The ‘Grey Sweatsuit Revolution’ is a more low-key affair. It hails from Canada, the land that gave us Adbusters and Naomi Klein. The website is no-nonsense – a manifesto written in the simplest sans-serif type in grey on a white background, with no flash animations or design pyrotechnics. Celebrity names? Forget it, even the founders don’t list themselves or try to take credit. But the sentiment is much the same:

‘The fashion system operates as a parasite on the body of authenticity. It feeds off cultures and subcultures. The pattern is obvious and so should [sic] our reaction. Stop fanning the flames. Let that shit burn out. It’s boring anyway.’
Unlike Cheap Date’s fashion strike, the ‘Grey Sweatsuit Revolution’ acknowledges that some people have to work and might be forced into corporate casuals for most of the day. Still, the photographs of models sporting grey look like chic outtakes from an A.P.C. catalogue, splaying their etiolated limbs at odd angles as they play ping-pong.

There’s a lot to be said for uniforms. Andy Warhol once said that the best look after a ‘bad’ look was ‘a good, plain look’ – something that was either so boring and classic as to be beyond fashion, or something so unique and well-suited to a particular person that they could get away with it for years. Looking at pictures of Warhol throughout his career, it’s easy to see he took his own advice. Despite a few changes here and there – in the 1970s he swapped his Velvets-style leather jacket for Brooks Brothers corduroy blazers; in the ’80s, his wigs got spikier, influenced by Stephen Sprouse and the crowd at Xenon – a definitive Andy look remains. The wigs, the skinny jeans or chinos, the sunglasses – they’re icons. Likewise, think of Stevie Nicks – her California, sun-drenched, Quaalude ‘n’ coke, gypsy witchery is still going strong to this day, to the extent that in New York drag queens celebrate the ‘night of 1000 Stevies’ every year. In fact, almost anyone who is promoted to the status of ‘fashion icon’ or ‘gay icon’ (and if you drew a Venn diagram, the overlap would be huge) has their own, consistent uniform that they keep, regardless of the moment’s stylistic dictates.


  


I am reminded of Jean Baudrillard, writing about the log fires on sale at Esso gas stations. He claimed that ‘What is consumed here is the simultaneous, combined, collusive enjoyment of the automobile and the defunct prestige of everything whose death-knell the automobile sounded – the latter now resuscitated by the automobile!’ If we substitute the fashion striker’s uniform for the log fire and the fashion system for the automobile, the analogy holds. In this same essay, Baudrillard also declaims historical re-enactments with their meticulous attention to the verisimilitude of the re-enactors’ attire, for the same reasons. Sure, Baudrillard’s a notoriously grumpy guy when it comes to faith in signifiers, but it seems that he has a point here. It’s telling that the grey sweatsuit manifesto promises socials in participating cities, including parties, parades, bike rides, nature walks and re-enactments for the so-called revolutionaries. How have we reached a point where wearing nothing or a sheet or some kind of ironic suburban sackcloth can pass as a serious subversive gesture? Unless, of course, fashion has truly taken over everything and no escape is possible, only collusion, in whatever form.
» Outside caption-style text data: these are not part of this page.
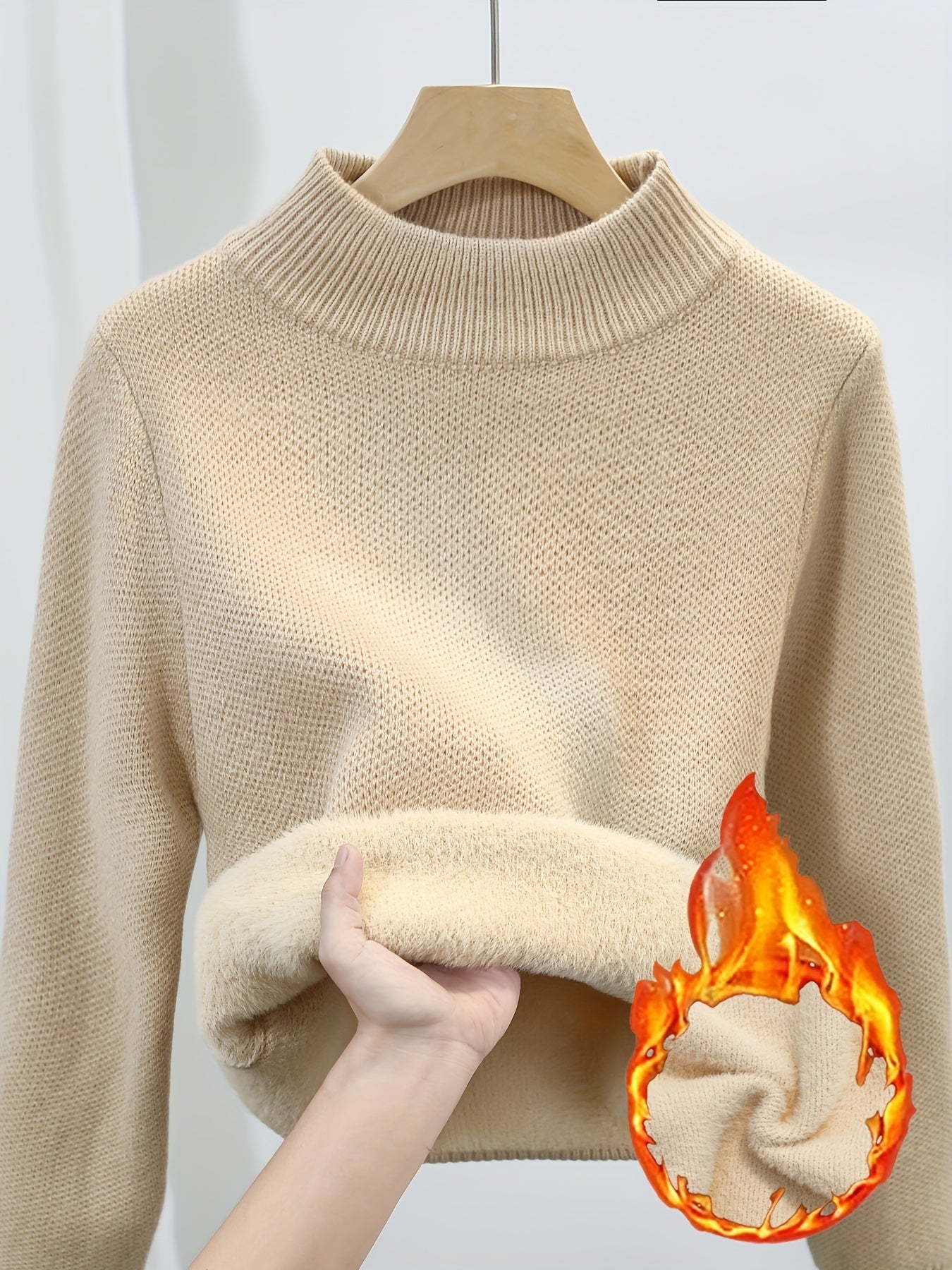 2025 New Knitted Sweater,Soft And Cozy, Perfect for Autumn And Winter Knitting.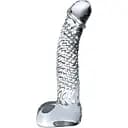 Фалоімітатор Icicles Model 61 16.5 см прозорий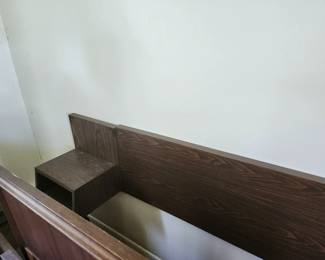 Night stand and head board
If that’s the case, the most rebellious protest against the fashion system may just be to wear the same old stuff that’s kicking around in your closet. Find what you absolutely adore and replace it when it falls apart. You want new meanings? You want your clothes to tell the world how plugged in and original you really are? Go out and live. Supply new contexts. Or just wait for time to pass, and history will do it for you.